A meeting of the UN General Assembly yesterday produced new pledges of $60 million from the U.S., $50 million from the U.K., $32 million from Germany and $38.5 million by the European Union. Qureshi called those actions “very encouraging.”
‘Slow-Motion Tsunami’
Secretary-General Ban Ki-moon said the UN, after an initial slow reaction to its appeal for $460 million, had received 60 percent of that amount before the latest figures were announced.
The flooding is “one of the greatest tests of global solidarity in our times,” Ban said. “This is a global disaster, a global challenge. This disaster is far from over. Pakistan is facing a slow-motion tsunami.”
A flood surge has reached Kotri in southern Sindh province and will take four days to enter the Arabian sea, Qamar Zaman Chaudhry, director general of the Pakistan Meteorological Department, told Geo television today, threatening to swamp new areas.
“We expect a million people in Sindh will be further affected by the floods now that a second wave has come,” Jack Byrne, country representative for Catholic Relief Services, a non-government organization, said by phone from Hyderabad, the biggest metropolitan area directly on the Indus.
Qureshi said the floods have devastated Pakistan’s economy, submerging 17 million acres of farm land, and may undermine the government’s battle against Taliban.

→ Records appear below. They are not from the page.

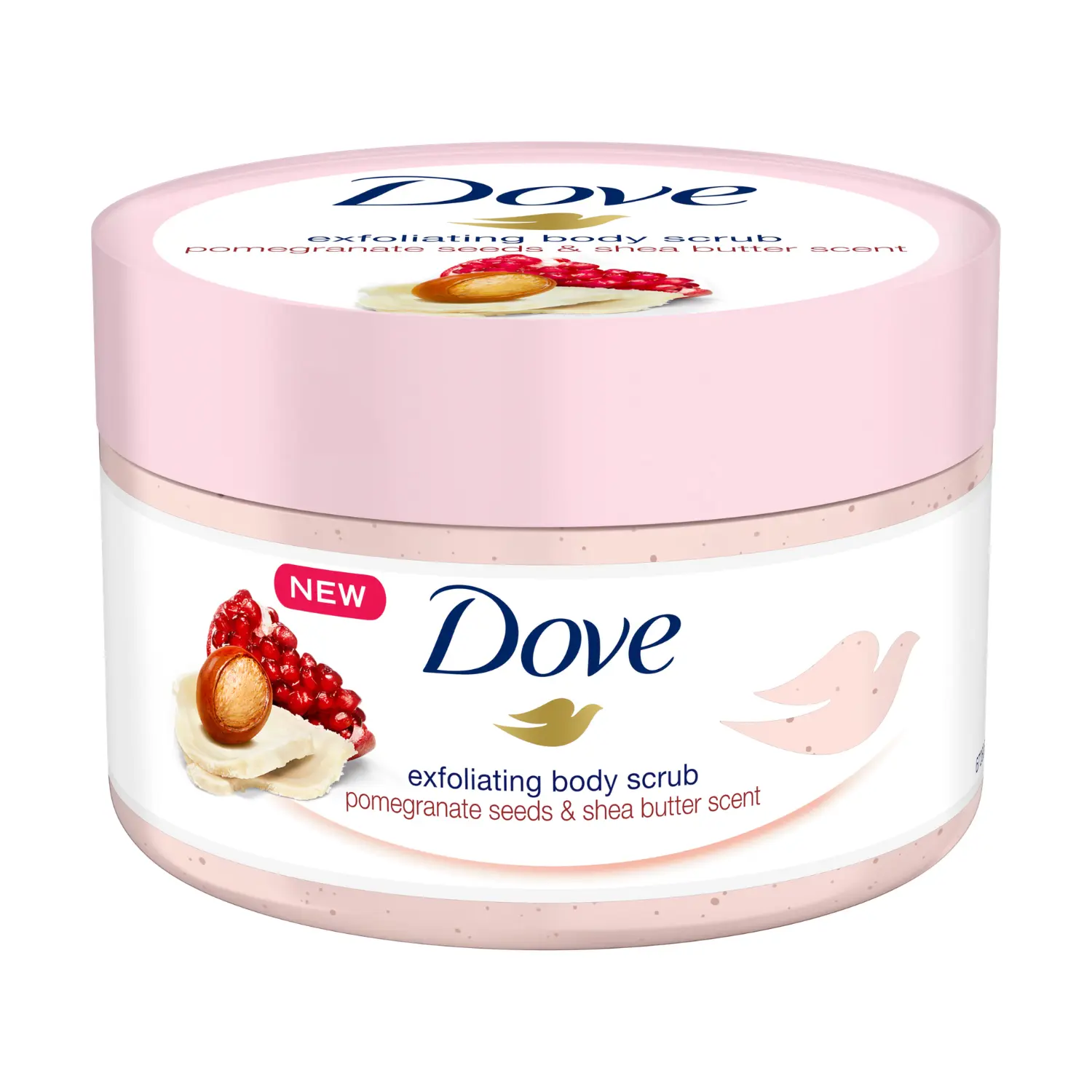 Pomegranate & Shea Butter Exfoliating Body Scrub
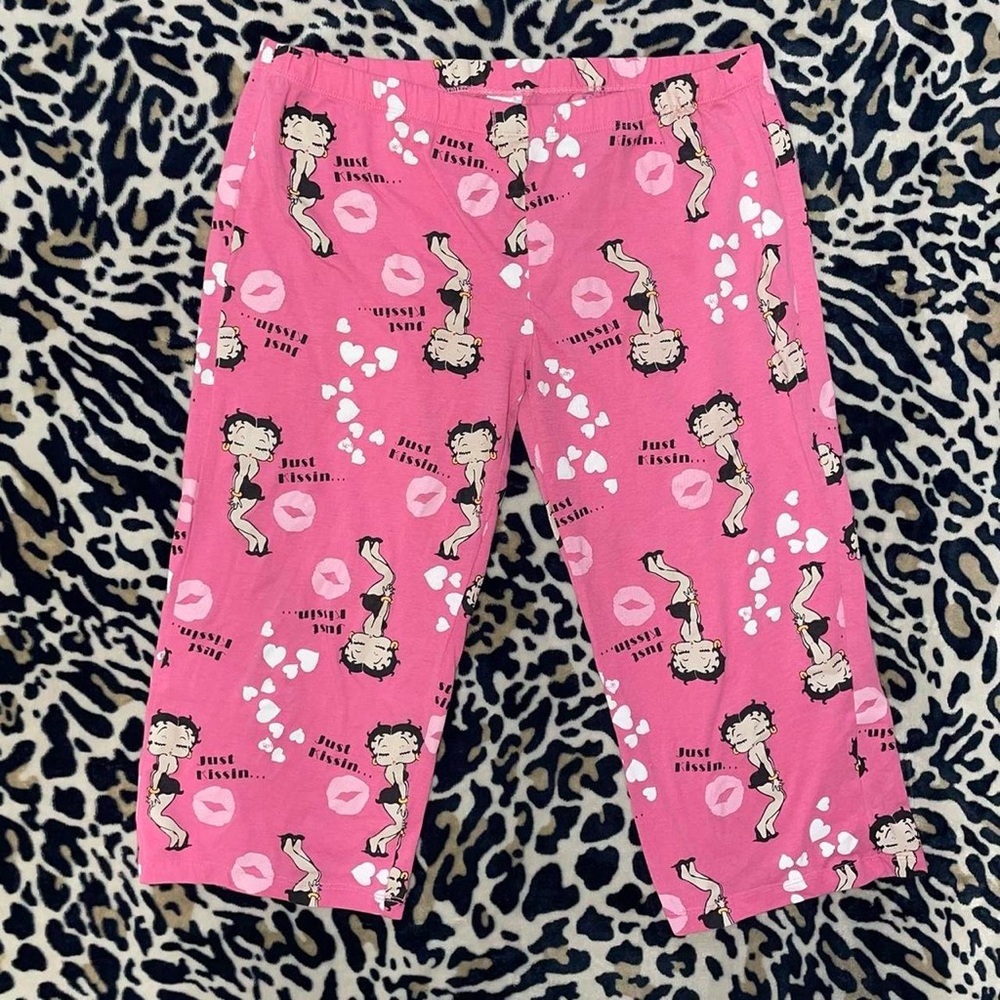 Betty boop pajama pants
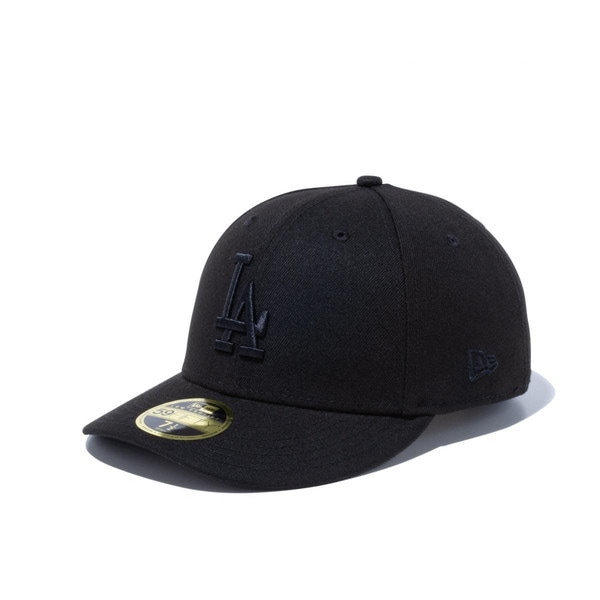 ニューエラ NEW ERA LP 59FIFTY ロサンゼルス・ドジャース ブラック ブラック 14524649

Pakistan’s army and police have fought guerrillas across the northwest for more than a year, in the country’s most concerted offensive against Islamic radicals. Retaliatory suicide bombings and gun attacks have killed hundreds of security personnel and civilians nationwide.
Threat of Riots
Peace efforts in the country are “fragile” and need strengthening, the foreign minister said. “If we fail, it could undermine the hard-won gains made by the government in our difficult and painful war against terrorism.”
Qureshi said “billions of dollars” in crops have been destroyed, including 1 million acres of cotton and 1 million tons of wheat that was stored in warehouses. The “critical sector of livestock has been equally devastated,” he said.
The U.S. will offer an additional $60 million in emergency aid, raising the total to $150 million, Secretary of State Hillary Clinton said yesterday. She also announced a relief fund that will accept personal contributions from Americans.
Clinton also said the Obama administration would direct toward flood relief about $200 million of $7.5 billion in aid to the country passed by Congress last year. That five-year package was intended to undercut Pakistani insurgents by strengthening the nation’s government and economy.
Aid Pledges
The EU increased its aid to Pakistan by $38.5 million, bringing its total to $141 million, Belgium’s Foreign Minister Steven Vanackere said. Germany will add $32 million to $18 million previously pledged.
The U.K. is doubling its aid to $100 million, Secretary of State for International Development Andrew Mitchell said.
The 20 million people affected by the floods exceed the combined total of those displaced by the 2004 Asian tsunami and this year’s earthquakes in Haiti. Ban said 8 million people need food, water and shelter, and 14 million need health care.